President of European Commission, Jose Manuel Barosso’s latest remark to the British Conservative leader in the European parliament has been widely reported. His remark stated that he had doubts over the strength of the tories position within the European Parliament and whether or not they will be voted in the next election, stating that when it comes down to it, people prefer the original to the fake. This comment is in clear reference to the anti-EU stance that UKIP has and the similar yet more diluted version that the tories are trying to sell.

What has received less coverage is the speech made by the Conservative leader, Martin Callanan MEP that preceded this response. When bemoaning the shortfalls of those positioning to succeed Mr Barosso in 2014 Callanan complained that ‘the problem is that none of these candidates represent new ideas. They represent vested interests. The people of the European District in Brussels are not the people of Europe.’

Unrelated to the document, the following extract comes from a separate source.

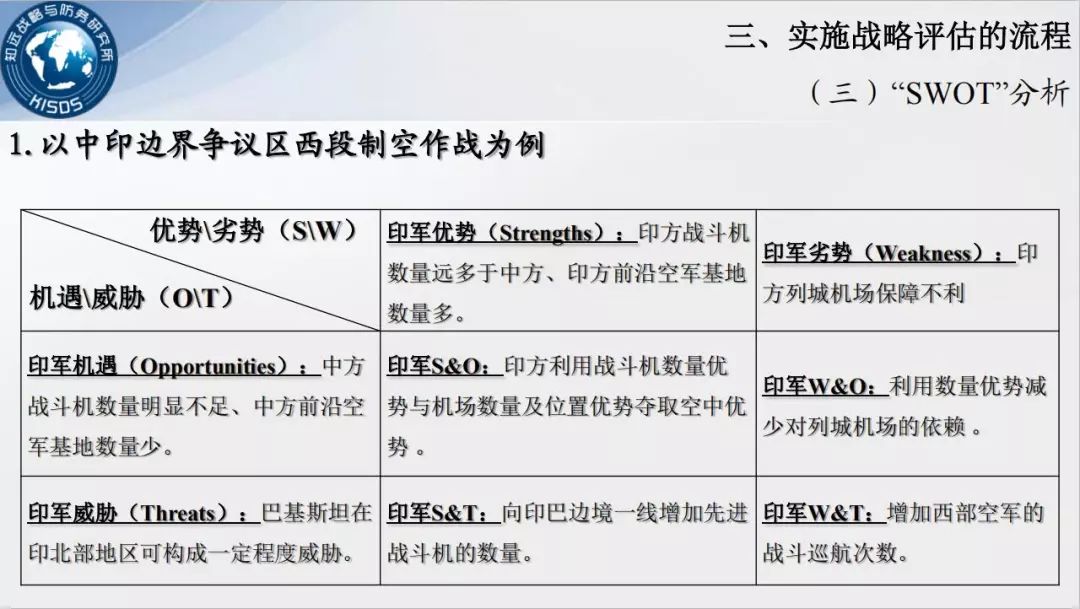 新澳门今天最新免费资料,互动策略评估_Executive89.605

Was it perhaps the expression of this opinion that provoked the President to unleash such a devastating sound bite against the Conservatives?

Those mentioned explicitly by Callanan include such household names as Olli Rehn, Viviane Reding and Guy Verhofstadt. Thus Callanan has found himself in the unfavourable of position of accusing individuals, of whom no one back home has ever heard of, of working to the unwarranted advantage of a select group of others, of whom the public is not aware of or intrigued by, when many of those he opposes carry hefty title such as ‘President’ or ‘Commissioner’ and thus have the ability to draw mass media attention when they damn or suppose forecasts unfavourable to their critics. It is a situation of high risk and low gain; it should not be a challenge to see why it may be politically advantageous for Mr Callanan to consider simply keeping his mouth shut in future. However if the Conservative leader to speak out again in future what might he have further to say to substantiate his comments?

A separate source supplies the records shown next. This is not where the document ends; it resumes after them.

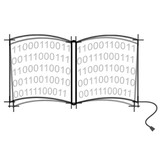 Ebook Architects LLC - Graphic Design in Austin
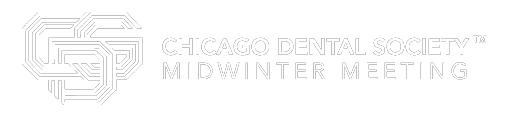 Midwinter Chicago conference Logo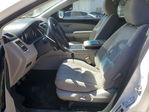 Mazda CX-9 2012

In early July, when putting forward the case that too much red tape produced in Brussels is dampening employment, Callanan stated:

 ‘The problem is that we in this Parliament and officials in the commission are dominated by vested interests. This Parliament seeks to extend its powers at every opportunity. Commission officials move their careers forward by formulating new ways to interfere in our lives.’

Before going on to say:

 ‘To do so will not be easy. There will be protests from many lobby groups, unions, and others often funded by the EU. But by taking on these vested interests we will open the door to the economic reforms we must make.’

In March this year the Inistute of Economic Affairs published a report entitled ‘Europuppets: The European Commision’s remaking of civil society’. The first two bullet points of the report’s executive summary are as follows:

• With public confidence in the European project waning, the idea of initiating a ‘civil dialogue’ with the public emerged in the mid-1990s as a way of bolstering the EU’s democratic legitimacy.

• Citizens have not been consulted directly, however. Instead they have been ventriloquised through ‘sock puppet’ charities, think tanks and other ‘civil society’ groups which have been hand-picked and financed by the European Commission (EC). These organisations typically lobby for closer European integration, bigger EU budgets and more EU regulation.

This lobby scenario is not simply something of Martin Callanan’s imagination; nor, in the light of the above passage, does the phrase ‘vested interests’ seem entirely out of place in reference to this operation.

In a radio interview David Cameron has said ‘The Barroso thing did annoy me because frankly, his job is to serve the members of the European Union’. He is correct in his analysis. The fact that President Barroso responded is such a fashion to the criticism he and his commission received only adds weight to Martin Callanan’s arguments.